Putting the slaughter of animals in the hands of a few massive industrial meat-processing facilities has disconnected our culture from the slaughter of animals. We’ve seen this firsthand. Many of our customers refuse to come to our farm because they don’t want to meet the pig they are buying from us. I believe industrial farming has, in this way, diminished the weight of our spiritual language and facilitated the exploitation of animals along the way.

The language of slaughter and sacrifice is everywhere in the Scriptures, especially in the Hebrew Bible. Yet being disconnected from the process of slaughter, we fail to experience its reality in any visceral sense. I wonder how this has affected our capacity to understand the nature of Christ’s sacrifice?

The day our pigs were slaughtered, I stood soberly by as the mobile butcher quickly and humanely put our animals down out in their pasture. I watched as they were skinned and cleaned and prepared to go to the butcher, who would cut the bodies of our animals it into smaller parts to be rationed throughout our year.

Since becoming more connected to this process, we eat our meat with more reverence.
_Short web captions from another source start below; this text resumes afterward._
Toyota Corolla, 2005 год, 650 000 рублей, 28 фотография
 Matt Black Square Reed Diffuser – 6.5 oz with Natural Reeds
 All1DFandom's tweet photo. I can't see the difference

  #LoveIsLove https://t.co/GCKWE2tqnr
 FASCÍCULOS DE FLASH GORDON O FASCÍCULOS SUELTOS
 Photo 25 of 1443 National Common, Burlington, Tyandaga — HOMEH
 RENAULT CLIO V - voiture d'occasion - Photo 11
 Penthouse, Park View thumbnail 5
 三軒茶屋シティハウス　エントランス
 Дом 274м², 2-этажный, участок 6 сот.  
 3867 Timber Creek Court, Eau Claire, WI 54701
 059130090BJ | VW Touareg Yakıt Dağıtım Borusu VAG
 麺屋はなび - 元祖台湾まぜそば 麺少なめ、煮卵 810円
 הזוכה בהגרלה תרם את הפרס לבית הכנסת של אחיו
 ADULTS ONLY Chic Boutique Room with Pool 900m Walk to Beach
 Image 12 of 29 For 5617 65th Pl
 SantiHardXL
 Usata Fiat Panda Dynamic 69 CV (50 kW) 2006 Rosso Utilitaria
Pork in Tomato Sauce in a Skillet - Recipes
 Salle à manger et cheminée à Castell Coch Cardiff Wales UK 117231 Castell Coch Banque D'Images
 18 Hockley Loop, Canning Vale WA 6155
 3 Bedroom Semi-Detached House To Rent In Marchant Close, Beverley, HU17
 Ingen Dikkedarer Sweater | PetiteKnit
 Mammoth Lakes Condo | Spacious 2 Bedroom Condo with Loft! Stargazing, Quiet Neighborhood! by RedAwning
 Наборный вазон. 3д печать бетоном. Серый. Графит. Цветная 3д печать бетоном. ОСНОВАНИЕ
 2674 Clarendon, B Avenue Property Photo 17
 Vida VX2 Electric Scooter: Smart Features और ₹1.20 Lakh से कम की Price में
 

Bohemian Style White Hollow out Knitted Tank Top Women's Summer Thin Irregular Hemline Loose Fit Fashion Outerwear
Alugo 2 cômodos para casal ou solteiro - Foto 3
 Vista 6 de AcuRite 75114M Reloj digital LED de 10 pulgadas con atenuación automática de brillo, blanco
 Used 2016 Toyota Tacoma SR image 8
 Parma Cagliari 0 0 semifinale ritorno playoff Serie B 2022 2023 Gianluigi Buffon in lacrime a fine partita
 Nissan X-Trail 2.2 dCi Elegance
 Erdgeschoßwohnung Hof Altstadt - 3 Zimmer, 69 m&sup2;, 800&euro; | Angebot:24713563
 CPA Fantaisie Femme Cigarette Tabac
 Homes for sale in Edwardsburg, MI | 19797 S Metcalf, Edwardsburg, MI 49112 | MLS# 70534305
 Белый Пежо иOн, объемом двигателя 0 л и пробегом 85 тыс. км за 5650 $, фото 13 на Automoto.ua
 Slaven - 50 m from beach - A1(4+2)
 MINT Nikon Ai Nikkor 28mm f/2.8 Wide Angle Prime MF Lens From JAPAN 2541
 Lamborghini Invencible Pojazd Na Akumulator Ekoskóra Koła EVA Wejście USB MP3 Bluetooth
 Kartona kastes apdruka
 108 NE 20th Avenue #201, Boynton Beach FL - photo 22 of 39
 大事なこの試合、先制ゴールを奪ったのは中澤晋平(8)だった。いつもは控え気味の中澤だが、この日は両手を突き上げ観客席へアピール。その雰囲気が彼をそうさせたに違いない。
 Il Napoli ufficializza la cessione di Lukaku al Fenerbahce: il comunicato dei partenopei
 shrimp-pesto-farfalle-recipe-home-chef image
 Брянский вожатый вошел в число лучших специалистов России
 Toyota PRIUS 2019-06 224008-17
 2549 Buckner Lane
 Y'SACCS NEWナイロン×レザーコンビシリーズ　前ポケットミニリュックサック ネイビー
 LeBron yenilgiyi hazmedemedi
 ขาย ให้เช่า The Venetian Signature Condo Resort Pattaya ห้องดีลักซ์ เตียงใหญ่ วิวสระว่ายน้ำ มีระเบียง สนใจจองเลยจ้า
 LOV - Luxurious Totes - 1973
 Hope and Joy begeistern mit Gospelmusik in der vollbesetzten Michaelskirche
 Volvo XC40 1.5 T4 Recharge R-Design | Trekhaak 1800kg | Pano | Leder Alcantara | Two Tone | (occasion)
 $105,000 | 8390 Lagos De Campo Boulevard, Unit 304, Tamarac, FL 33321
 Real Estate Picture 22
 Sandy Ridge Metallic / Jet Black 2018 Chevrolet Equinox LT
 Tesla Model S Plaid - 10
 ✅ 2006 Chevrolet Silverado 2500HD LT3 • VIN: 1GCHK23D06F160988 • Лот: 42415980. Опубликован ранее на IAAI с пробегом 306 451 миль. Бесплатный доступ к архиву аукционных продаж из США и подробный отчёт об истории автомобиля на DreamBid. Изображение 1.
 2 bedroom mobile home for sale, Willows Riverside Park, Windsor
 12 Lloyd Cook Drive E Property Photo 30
We try to purchase all of our meat direct from farmers that we know, and will even visit on the day of slaughter so that we can collect vital organs that would otherwise be thrown away.

We’re realizing the need to become reconnected to the land and to God’s creatures, to steward the goods of the created world. We tend to think that people in Bible times lived in an agrarian society, but that we are not in one now. All societies are agrarian. Without agriculture there is no food. The question is not if we are agrarian, but what sort of agrarian society we are. I believe we must become the sort of agrarian society that is committed to regenerative farming, that stewards the land, and reconnects communities to the source of their food.

The future fertility of our land and the security of our food system depend on it. But so does our spiritual growth and vitality. Scripture is crammed with imagery drawn from the world God made. Images of slaughter and sacrifice, planting and watering, seasons and harvest. That language has been diminished by our current relationship to the land. We don’t need new metaphors; we need to reconnect to the language we’ve been given.

Not everybody will become a farmer. Not everybody should. But within the community of faith I believe reconnecting to the land, our food, to the wild places and the cultivated landscapes, is necessary if we are to enrich our faith in Christ and preach him effectively to a fallen world.

Transitioning to this sort of stewardship is deeply rewarding and attractive. Our neighbors are no longer concerned that we raise pigs. They are beginning to understand that the pigs are actually helping increase the fertility of our little piece of land and provide food to others. I like to think that they also see us trying, really trying, to work with the land, improve it, and make it more beautiful and inviting. We want our little farm to preach to others, even as it continues to proclaim the life—and death—of Jesus to us.